__Dataset excerpts__.
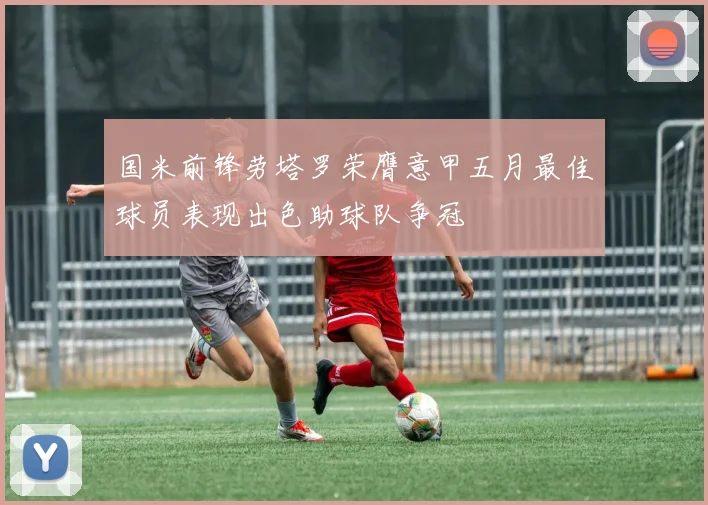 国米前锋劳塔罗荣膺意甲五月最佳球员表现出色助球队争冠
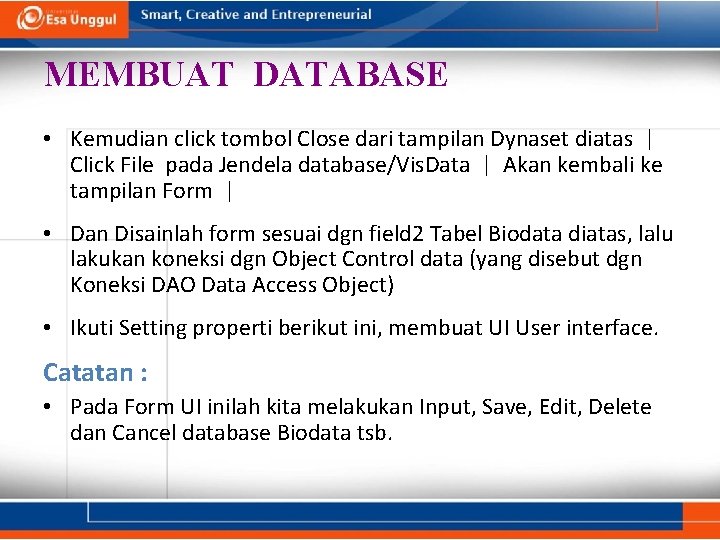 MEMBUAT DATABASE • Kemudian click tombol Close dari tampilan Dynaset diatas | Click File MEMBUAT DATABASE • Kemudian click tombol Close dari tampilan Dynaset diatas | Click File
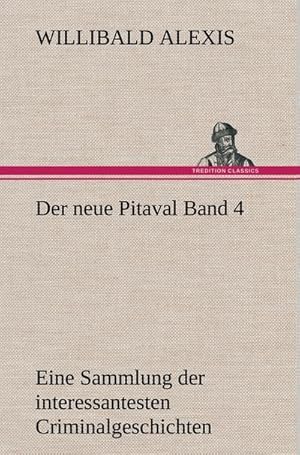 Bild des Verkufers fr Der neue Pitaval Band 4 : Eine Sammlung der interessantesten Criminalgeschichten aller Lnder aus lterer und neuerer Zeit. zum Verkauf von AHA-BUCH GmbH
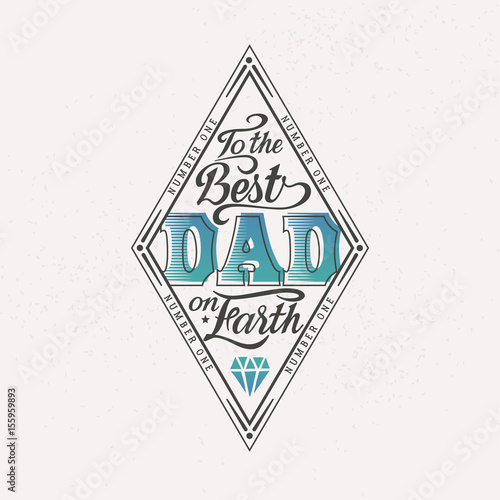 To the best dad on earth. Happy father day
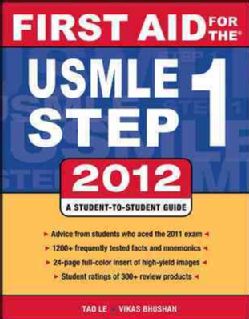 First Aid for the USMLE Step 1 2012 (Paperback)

* * *

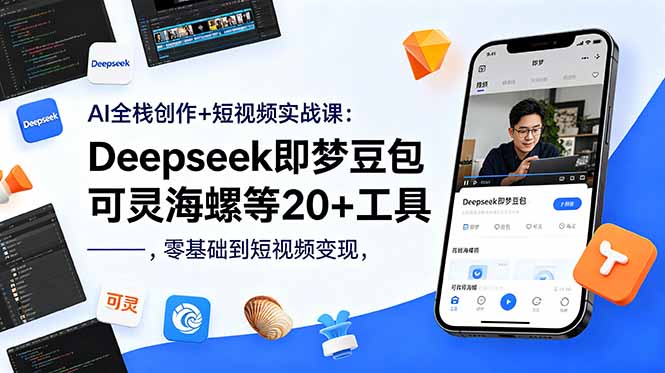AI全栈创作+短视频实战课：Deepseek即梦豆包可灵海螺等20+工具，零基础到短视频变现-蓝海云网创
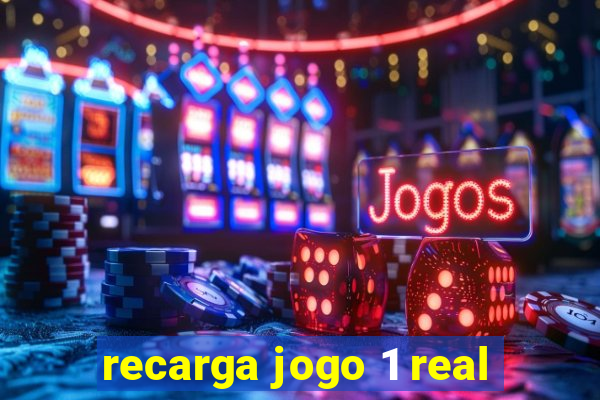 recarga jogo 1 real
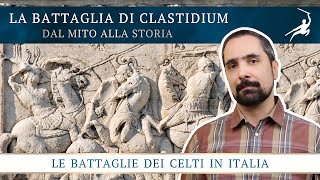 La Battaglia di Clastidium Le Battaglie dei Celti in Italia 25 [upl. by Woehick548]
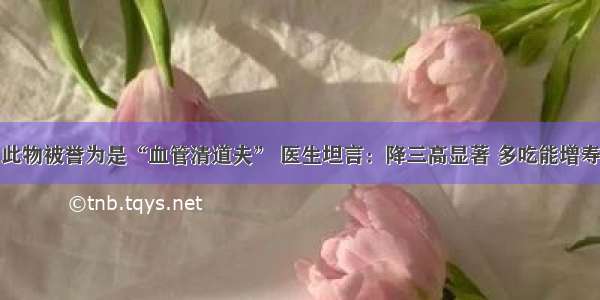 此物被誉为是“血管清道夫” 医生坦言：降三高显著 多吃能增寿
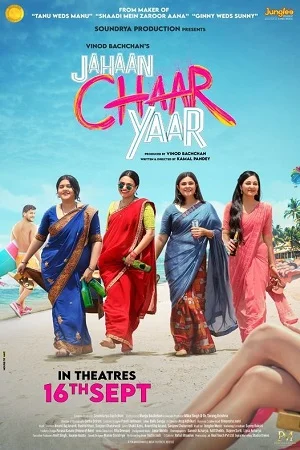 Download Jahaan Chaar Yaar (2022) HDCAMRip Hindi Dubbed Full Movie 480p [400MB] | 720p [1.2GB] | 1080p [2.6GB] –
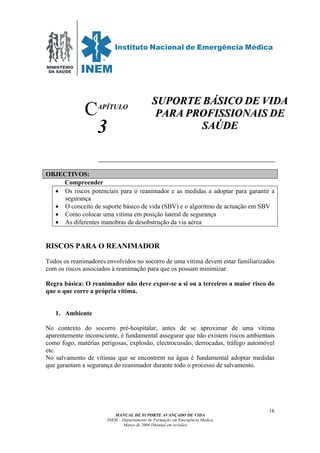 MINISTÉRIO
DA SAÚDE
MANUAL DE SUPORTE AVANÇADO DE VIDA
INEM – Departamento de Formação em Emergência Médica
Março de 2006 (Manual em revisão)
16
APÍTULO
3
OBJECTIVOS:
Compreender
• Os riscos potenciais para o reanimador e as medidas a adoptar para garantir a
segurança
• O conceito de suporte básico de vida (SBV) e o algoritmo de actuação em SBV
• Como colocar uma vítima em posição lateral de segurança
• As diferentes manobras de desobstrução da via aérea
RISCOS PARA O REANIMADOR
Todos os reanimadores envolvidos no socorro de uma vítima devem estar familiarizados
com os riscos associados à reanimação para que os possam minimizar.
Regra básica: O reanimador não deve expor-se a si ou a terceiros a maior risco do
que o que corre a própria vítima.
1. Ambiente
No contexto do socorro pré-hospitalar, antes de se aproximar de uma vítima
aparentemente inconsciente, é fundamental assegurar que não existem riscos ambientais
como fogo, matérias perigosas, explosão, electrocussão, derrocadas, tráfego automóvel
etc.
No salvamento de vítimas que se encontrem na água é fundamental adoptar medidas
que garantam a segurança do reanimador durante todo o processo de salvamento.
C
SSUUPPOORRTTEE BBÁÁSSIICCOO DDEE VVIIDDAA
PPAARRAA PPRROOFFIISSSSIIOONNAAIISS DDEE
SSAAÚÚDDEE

__Task requirements__. Report how many lines of the listing carry the word "segurança", and add nothing.

__Response to this exercise__. 3